**Dataset extract**
------------------------------------

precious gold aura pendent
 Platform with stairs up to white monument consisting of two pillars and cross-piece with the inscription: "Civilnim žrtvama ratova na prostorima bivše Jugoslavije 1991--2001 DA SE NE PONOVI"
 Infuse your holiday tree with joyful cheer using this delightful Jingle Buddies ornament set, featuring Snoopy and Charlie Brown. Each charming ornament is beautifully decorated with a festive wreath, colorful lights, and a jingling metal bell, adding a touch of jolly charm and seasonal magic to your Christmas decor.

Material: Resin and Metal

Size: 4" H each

------------------------------------

**What you will do**
The required answer is every line of the data, duplicated exactly.

**Output of the task**
precious gold aura pendent
 Platform with stairs up to white monument consisting of two pillars and cross-piece with the inscription: "Civilnim žrtvama ratova na prostorima bivše Jugoslavije 1991--2001 DA SE NE PONOVI"
 Infuse your holiday tree with joyful cheer using this delightful Jingle Buddies ornament set, featuring Snoopy and Charlie Brown. Each charming ornament is beautifully decorated with a festive wreath, colorful lights, and a jingling metal bell, adding a touch of jolly charm and seasonal magic to your Christmas decor.

Material: Resin and Metal

Size: 4" H each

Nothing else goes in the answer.